WHAT TO WORK ON: Which of the lines below mention the word "from"? Pull each one out.
START DATA FOR PROCESSING
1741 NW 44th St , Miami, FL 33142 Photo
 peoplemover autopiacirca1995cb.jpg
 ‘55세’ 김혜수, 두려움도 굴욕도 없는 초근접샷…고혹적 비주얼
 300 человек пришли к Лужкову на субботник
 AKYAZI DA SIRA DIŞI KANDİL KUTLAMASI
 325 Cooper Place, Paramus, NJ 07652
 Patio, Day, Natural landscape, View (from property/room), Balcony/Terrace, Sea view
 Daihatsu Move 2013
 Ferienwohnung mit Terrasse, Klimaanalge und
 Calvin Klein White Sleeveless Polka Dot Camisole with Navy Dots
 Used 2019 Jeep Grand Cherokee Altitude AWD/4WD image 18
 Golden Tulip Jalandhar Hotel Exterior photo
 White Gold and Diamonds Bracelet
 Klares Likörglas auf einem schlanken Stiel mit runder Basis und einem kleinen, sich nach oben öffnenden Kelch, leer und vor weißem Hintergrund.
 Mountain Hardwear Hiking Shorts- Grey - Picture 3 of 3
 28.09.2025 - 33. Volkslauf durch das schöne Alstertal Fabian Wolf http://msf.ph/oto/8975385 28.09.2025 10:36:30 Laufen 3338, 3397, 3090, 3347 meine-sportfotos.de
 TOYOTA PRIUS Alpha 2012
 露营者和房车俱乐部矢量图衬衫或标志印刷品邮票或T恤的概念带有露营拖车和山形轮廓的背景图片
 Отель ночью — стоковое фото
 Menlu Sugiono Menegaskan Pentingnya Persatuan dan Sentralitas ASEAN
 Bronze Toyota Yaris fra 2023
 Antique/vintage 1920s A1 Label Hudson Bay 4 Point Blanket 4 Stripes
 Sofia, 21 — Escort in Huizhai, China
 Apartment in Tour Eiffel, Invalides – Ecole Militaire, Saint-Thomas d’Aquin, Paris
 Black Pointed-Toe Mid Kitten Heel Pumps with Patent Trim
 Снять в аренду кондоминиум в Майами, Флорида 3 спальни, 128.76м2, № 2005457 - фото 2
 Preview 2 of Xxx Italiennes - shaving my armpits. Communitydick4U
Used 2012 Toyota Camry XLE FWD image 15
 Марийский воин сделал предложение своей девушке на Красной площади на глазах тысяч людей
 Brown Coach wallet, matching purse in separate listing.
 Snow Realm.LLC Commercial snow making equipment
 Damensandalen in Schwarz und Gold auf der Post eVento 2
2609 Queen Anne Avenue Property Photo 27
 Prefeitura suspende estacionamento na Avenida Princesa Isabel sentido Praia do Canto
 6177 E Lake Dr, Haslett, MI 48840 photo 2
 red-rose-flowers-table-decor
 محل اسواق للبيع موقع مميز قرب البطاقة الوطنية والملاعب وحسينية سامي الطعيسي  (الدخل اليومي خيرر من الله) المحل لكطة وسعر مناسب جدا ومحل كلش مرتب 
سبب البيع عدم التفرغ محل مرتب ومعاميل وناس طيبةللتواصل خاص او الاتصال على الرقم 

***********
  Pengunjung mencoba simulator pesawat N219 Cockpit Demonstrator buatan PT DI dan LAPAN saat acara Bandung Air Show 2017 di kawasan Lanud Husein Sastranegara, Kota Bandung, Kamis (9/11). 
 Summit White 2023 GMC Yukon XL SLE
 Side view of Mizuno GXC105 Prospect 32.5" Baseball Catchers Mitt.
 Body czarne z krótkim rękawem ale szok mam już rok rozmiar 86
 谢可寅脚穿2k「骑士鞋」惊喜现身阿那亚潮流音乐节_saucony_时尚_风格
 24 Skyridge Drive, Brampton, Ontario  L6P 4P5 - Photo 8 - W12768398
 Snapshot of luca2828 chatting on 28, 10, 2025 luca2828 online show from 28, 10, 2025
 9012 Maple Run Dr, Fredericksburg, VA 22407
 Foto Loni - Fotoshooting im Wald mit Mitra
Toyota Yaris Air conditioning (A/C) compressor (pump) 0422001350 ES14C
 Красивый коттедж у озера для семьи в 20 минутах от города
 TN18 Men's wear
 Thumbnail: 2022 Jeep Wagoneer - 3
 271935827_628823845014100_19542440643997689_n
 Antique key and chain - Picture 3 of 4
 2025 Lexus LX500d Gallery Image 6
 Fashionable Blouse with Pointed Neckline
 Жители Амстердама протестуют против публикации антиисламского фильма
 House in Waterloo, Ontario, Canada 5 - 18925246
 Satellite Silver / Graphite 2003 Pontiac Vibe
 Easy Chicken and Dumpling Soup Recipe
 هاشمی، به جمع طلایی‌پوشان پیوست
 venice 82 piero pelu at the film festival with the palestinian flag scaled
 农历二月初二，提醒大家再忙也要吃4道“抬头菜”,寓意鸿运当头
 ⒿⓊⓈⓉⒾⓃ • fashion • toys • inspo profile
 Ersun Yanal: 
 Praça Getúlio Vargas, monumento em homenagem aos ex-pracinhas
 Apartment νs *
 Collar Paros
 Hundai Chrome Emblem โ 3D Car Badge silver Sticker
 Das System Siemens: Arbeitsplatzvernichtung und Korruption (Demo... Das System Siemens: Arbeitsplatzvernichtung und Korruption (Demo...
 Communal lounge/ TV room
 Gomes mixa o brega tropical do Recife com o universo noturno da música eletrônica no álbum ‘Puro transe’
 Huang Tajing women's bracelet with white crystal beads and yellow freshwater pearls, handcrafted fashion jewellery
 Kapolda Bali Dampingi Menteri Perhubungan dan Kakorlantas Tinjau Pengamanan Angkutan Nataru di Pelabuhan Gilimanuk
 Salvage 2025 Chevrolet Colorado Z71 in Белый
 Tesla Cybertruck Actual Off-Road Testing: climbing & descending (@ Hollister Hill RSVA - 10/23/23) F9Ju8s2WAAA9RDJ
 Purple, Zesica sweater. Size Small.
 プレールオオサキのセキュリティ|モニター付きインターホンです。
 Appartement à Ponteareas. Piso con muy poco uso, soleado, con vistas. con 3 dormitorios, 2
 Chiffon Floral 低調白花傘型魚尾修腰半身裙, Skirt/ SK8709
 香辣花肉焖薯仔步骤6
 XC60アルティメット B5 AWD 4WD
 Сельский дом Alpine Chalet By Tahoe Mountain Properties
END DATA FOR PROCESSING
FINISHED TASK:
 Patio, Day, Natural landscape, View (from property/room), Balcony/Terrace, Sea view
 Snapshot of luca2828 chatting on 28, 10, 2025 luca2828 online show from 28, 10, 2025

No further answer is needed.